Autre cas : Claire D., 34 ans, ex-community manager chez Veepee. Elle se forme via le CPF (à vérifier sur moncompteformation.gouv.fr) et obtient la certification ISCOM en 5 mois. Elle crée son auto-entreprise et travaille pour trois agences digitales lyonnaises. Son chiffre d’affaires en 2025 : 48 000 €. Le syndicat des auto-entrepreneurs de la création indique que 40 % des scénaristes freelances gagnent plus de 50 000 € après trois ans d’activité.
11. Risques et limites de cette reconversion
Le métier de scénariste publicitaire expose à plusieurs fragilités. Premièrement, la précarité des débuts : 45 % des contrats sont en CDD ou freelance selon APEC. Deuxièmement, la concurrence des agences de création externalisées (type WPP, Omnicom) qui mutualisent les scénaristes sur plusieurs clients. Troisièmement, l’impact de l’IA générative : des outils comme Jasper AI ou Copy.ai produisent déjà des scripts basiques. La DARES estime que 15 % des tâches d’écriture publicitaire pourraient être automatisées d’ici 2028. Les missions complexes (storytelling de marque, campagnes émotionnelles) restent toutefois humaines.

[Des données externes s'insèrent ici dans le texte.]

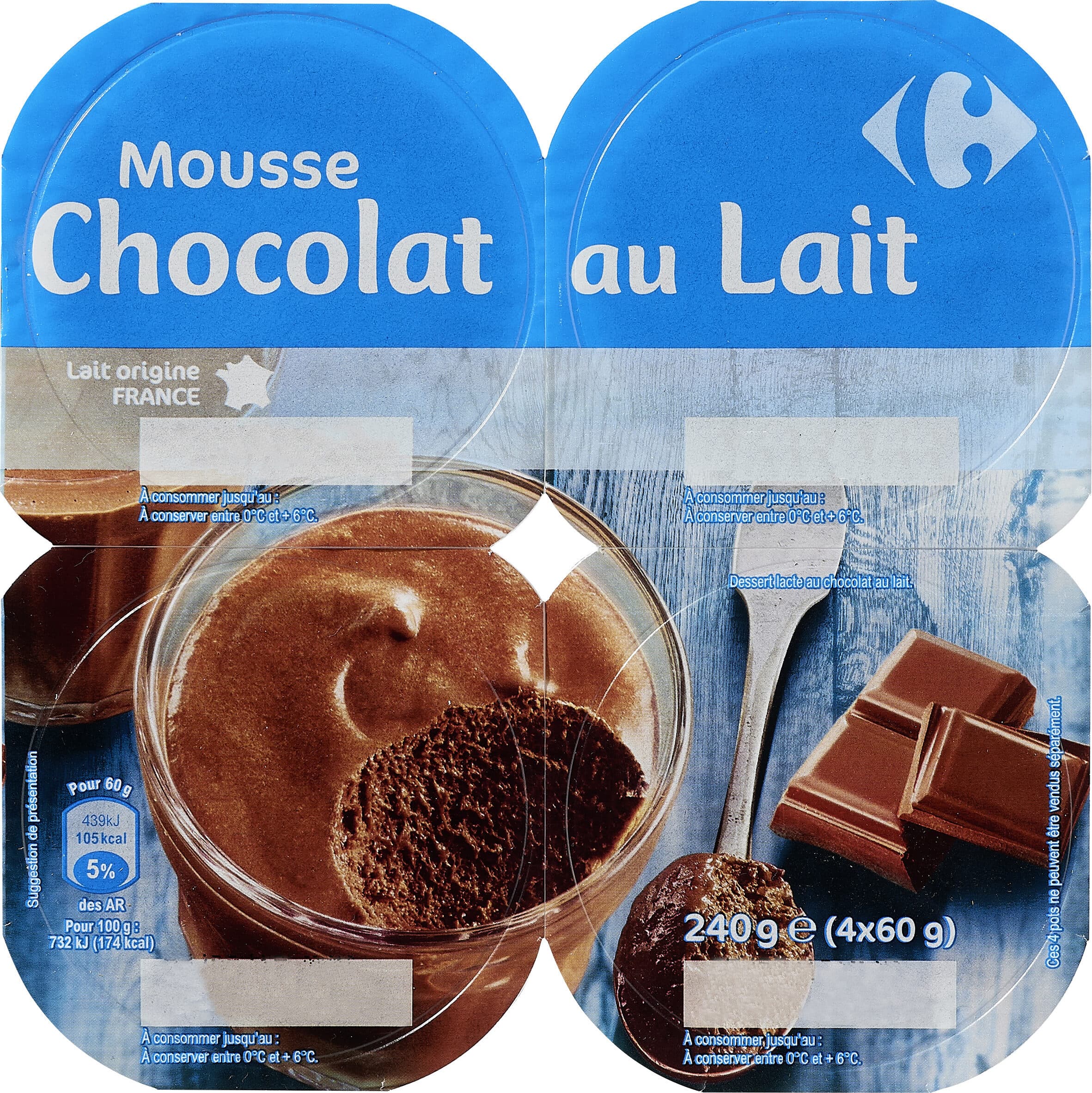 Carrefour Mousse Chocolat au Lait packshot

Quatrièmement, le stress lié aux deadlines courtes (24 à 48 heures pour un script). Cinquièmement, la difficulté à se démarquer sans book solide. Sixièmement, l’éloignement des pôles créatifs (Paris, Lyon) qui oblige à une mobilité géographique. Enfin, le manque de reconnaissance statutaire : le métier n’est pas réglementé et n’apparaît pas dans les grilles de classification de la convention collective de la publicité (CCN 3043) sous l’intitulé « scénariste ». Il est souvent assimilé à « concepteur-rédacteur ». Un point à vérifier avec son futur employeur.